Der im Oktober 2014 neugewählte indonesische Staatspräsident Joko Widodo
eröffnete die jetzige Konferenz in Jakarta mit einem Paukenschlag: „Die Idee,
daß die wirtschaftlichen Probleme der Welt nur von der Weltbank, dem
Weltwährungsfonds und der Asiatischen Entwicklungsbank gelöst werden können,
ist obsolet und muß aufgegeben werden. Ich bin der Meinung, daß das Schicksal
der globalen Wirtschaft nicht diesen drei Finanzinstitutionen überlassen
werden kann. Es ist unerläßlich, daß wir eine neue internationale Ordnung
aufbauen, die für neuaufkommende Wirtschaftsmächte offen ist.“
Widodo forderte die Nationen Asiens und Afrikas auf, sich für eine Reform
der Vereinten Nationen einzusetzen, die er als „ohnmächtig“ bezeichnete, die
Probleme der globalen Unausgewogenheiten und Ungerechtigkeiten zu lösen. Er
verwies auf den Palästina-Konflikt als Beispiel. Chinas Präsident Xi Jinping
stimmte Widodo zu: „Es ist wichtig, die entwickelten Länder dazu anzutreiben,
daß sie ihre Zusagen [zur Entwicklungshilfe] ernsthaft erfüllen und ihre
Unterstützung für die Entwicklungsländer verstärken, ohne dies an politische
Bedingungen zu knüpfen.“ Xi sagte, bis Ende dieses Jahres werde China die
Zölle für 97% der besteuerbaren Waren aus den am wenigsten entwickelten
Ländern, die diplomatische Beziehungen mit China haben, auf Null senken.
Präsident Xi verwies auf die AIIB und die Politik „Ein Gürtel, eine
Straße“, die dazu dienen sollen, die Verbindungen und die Entwicklung in der
gesamten Region und darüber hinaus zu fördern. „Wir unterscheiden uns
untereinander und stehen gemeinsam vor den Herausforderungen der Zukunft“,
sagte Xi. „Aber wir haben gelernt, die Gemeinsamkeiten zu sehen.

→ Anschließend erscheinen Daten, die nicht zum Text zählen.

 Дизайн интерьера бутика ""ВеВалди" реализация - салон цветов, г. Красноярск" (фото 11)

Wir glauben:
Wenn man schnell gehen will, soll man alleine gehen, und wenn man weit kommen
will, soll man gemeinsam gehen. Und wir wissen, daß wir gemeinsam stark sind.

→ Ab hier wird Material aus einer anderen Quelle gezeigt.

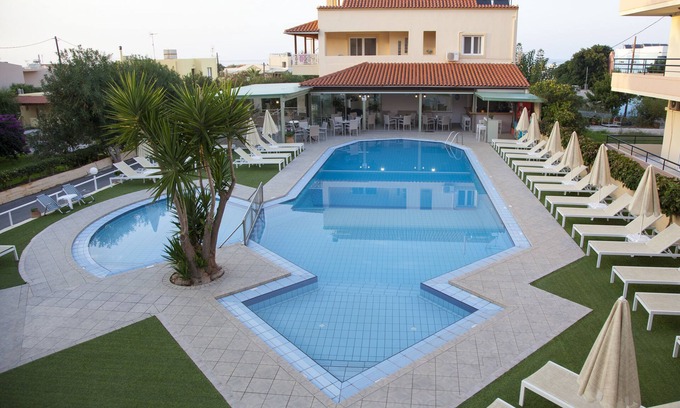 Agia Marina Hotel | Blue Sky Hotel Studio with sea view & pool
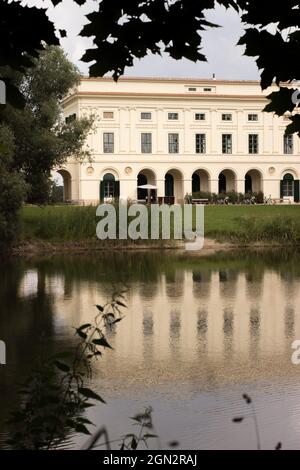 Le pavillon de chasse Pohansko Empire est situé dans la région de Lednice-Valtice. Le château et son reflet dans l'étang. Banque D'Images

Im April 2015, bei der Bandung-Konferenz, wartet ein neues Wunder aus Asien
und Afrika auf die Geschichte.“
China, sagte Xi, werde in den kommenden fünf Jahren 100.000
Ausbildungsplätze für Entwicklungsländer in Asien und Afrika schaffen. Darüber
hinaus sollen insgesamt 2000 junge Männer und Frauen aus Asien und Afrika
eingeladen werden, China zu besuchen und dort an einer Serie von Jugendtreffen
teilzunehmen.
Auch Japans Premierminister Shinzo Abe, der am Rande der Konferenz mit
Präsident Xi zusammentraf, hob die Entschlossenheit seines Landes zur
Entwicklung der Nationen Asiens und Afrikas hervor. Diese würden nicht mehr
als Hilfeempfänger betrachtet, sondern als Entwicklungspartner. Abe lobte zwar
die amerikanischen Freihandelsinitiativen TPP (Transpazifische Partnerschaft)
und TTIP (Transatlantische Handels- und Investitionspartnerschaft) und
erklärte, sie würden irgendwann auch auf Afrika erweitert werden, fügte jedoch
hinzu: „Japan ist entschlossen, Wachstum in Asien und Afrika zu einem
dauerhaften Ereignis und nicht bloß zur vorübergehenden Erscheinung zu machen.
Mit dieser Entschlossenheit im Kopf werden wir in den kommenden fünf Jahren
bis zu 350.000 Menschen in der gesamten Region helfen, technologisches
Fachwissen und industrielle Kenntnisse zu erwerben.“
Zu diesem Zweck, so berichtete Kyodo News, will Japan die
Ausbreitung des „Kosen“-Systems polytechnischer Schulen in Asien und Afrika
fördern, sowie den Aufbau von höheren Ingenieurschulen in Ägypten, Indien und
Malaysia. Außerdem wird Japan im Juli ein Gipfeltreffen mit den fünf
ASEAN-Anliegerstaaten des Mekong veranstalten, um eine neue Strategie
auszuarbeiten, wie Tokyo die Entwicklung des Mekong-Beckens fördern kann.